Impossible toutefois de s’en écarter: les contrats liant les clubs à la Champions League — une société anonyme basée à Zoug — courent encore jusqu’en 2028. Les équipes qualifiées qui renonceraient à y participer s’exposeraient à une amende à six chiffres. Le mécontentement est pourtant devenu tel qu’en Suède et en Finlande, un retrait est désormais ouvertement évoqué. Certains clubs vont même jusqu’à aligner majoritairement des juniors pour certains matches. Tout comme la Swiss League est le problème chronique du hockey suisse, la Champions League est devenue le souci encore plus lourd du hockey européen de clubs.

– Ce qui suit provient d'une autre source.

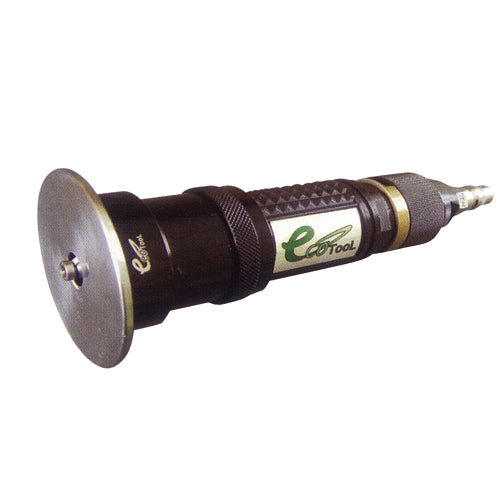 EcoTool ECO39R-S Air Deburring Tool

Dans ces conditions, l’avenir de la Champions League est incertain. Tout dépendra de la capacité à revendre les droits télévisés et commerciaux — au moins au même prix — à Infront, l’agence internationale de marketing sportif elle aussi basée à Zoug, ou à un autre acheteur potentiel. Cette saison, la Suisse aligne quatre équipes dans la compétition: les ZSC Lions, Lausanne, Berne et Zoug. Aux trois qualifiés habituels s’ajoute en effet le tenant du titre, les ZSC Lions. Pour les clubs helvétiques, les billets d’entrée sont attribués au champion, au vainqueur de la saison régulière et au deuxième du classement général.
Il ne reste plus que Zoug en lice dans la compétition actuelle. Le club a perdu 3-1 son quart de finale aller à l’extérieur contre Lukko Rauma (Finlande) cette semaine (le match retour aura lieu le 16 décembre). Zoug, toutefois, n’est pas parmi les critiques de la CHL pour une raison bien particulière. Son directeur, Patrick Lengwiler, est le seul Suisse à siéger au conseil d’administration de la Champions League SA. Avec une certaine habileté, il a transmis nos questions sensibles directement au président, Jörgen Lindgren.
Le Suédois explique notamment que l’organisation «prend très au sérieux l’opinion publique» et qu’elle entretient un «échange constant et étroit avec les ligues et les clubs». Selon lui, ces voix critiques sont «importantes, parce qu’elles montrent que les acteurs s’intéressent à la Champions League et s’y identifient». Il estime donc qu’il ne faut pas les voir comme une menace, mais comme une opportunité de renforcer la compétition par l’action collective.
En vue d’une possible prolongation des contrats arrivant à échéance en 2028 avec les ligues et l’agence de marketing Infront, basée à Zoug, Jörgen Lindgren souligne qu’il existe «des besoins d’optimisation dans plusieurs domaines, notamment en matière de droits médiatiques et commerciaux ainsi que dans les structures de coûts». Il insiste sur l’importance d’«analyser avec précision les potentiels afin de pouvoir les exploiter de manière stratégique dans les années à venir». Et il affirme rester convaincu que la Champions Hockey League «perdurera au-delà de 2028».
Le dirigeant ne croit pas à un retrait des clubs suisses. «Nous travaillons en étroite collaboration avec la National League et les clubs, et nous n’envisageons pas de scénario dans lequel ils cesseraient de participer», assure-t-il. Des vœux qui, espère-t-il, seront entendus par les dieux du hockey.